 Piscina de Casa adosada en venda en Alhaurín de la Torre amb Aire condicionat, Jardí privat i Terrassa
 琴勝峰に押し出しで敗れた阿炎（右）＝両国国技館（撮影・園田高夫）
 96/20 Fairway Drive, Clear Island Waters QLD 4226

---

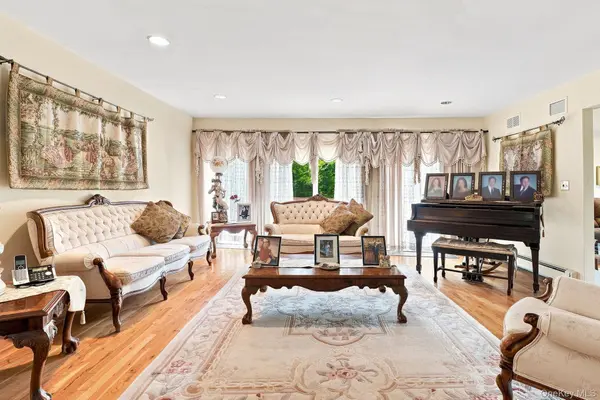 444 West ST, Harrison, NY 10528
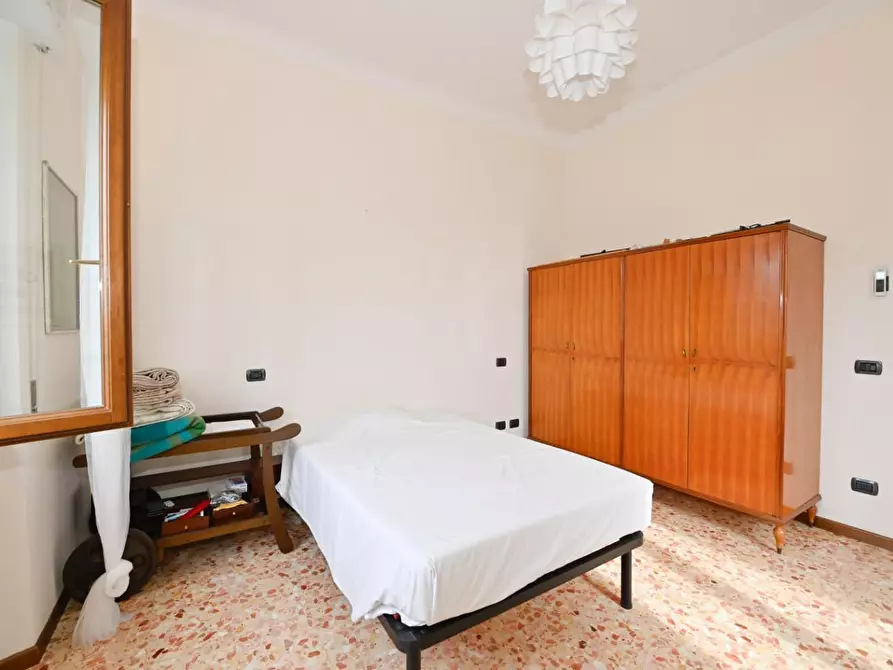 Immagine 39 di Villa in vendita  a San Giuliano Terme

...

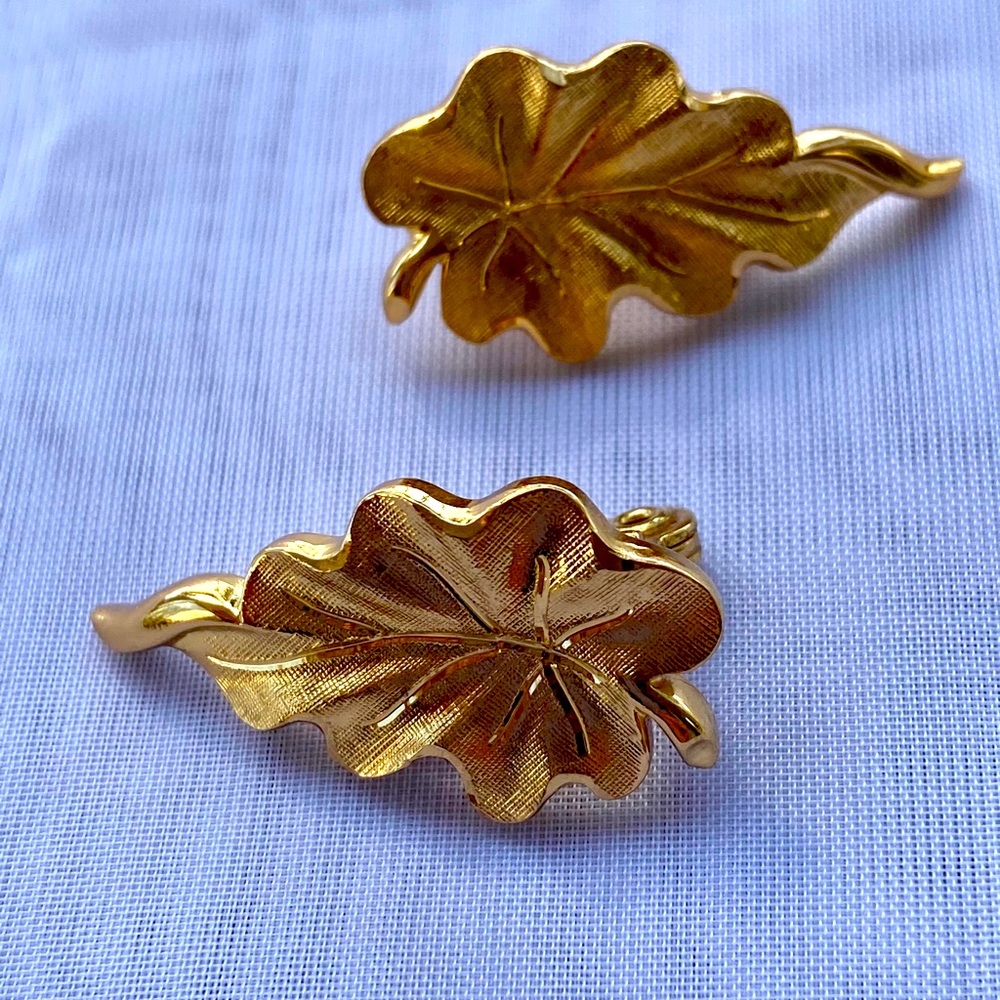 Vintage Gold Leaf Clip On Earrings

_Task to complete_.
Print, word for word, the lines above that run from the line containing "444 West ST, Harrison, NY 10528" to the line containing "Immagine 39 di", both included. Keep the pictures out.

_Answer to this problem_.
 444 West ST, Harrison, NY 10528
 Immagine 39 di Villa in vendita  a San Giuliano Terme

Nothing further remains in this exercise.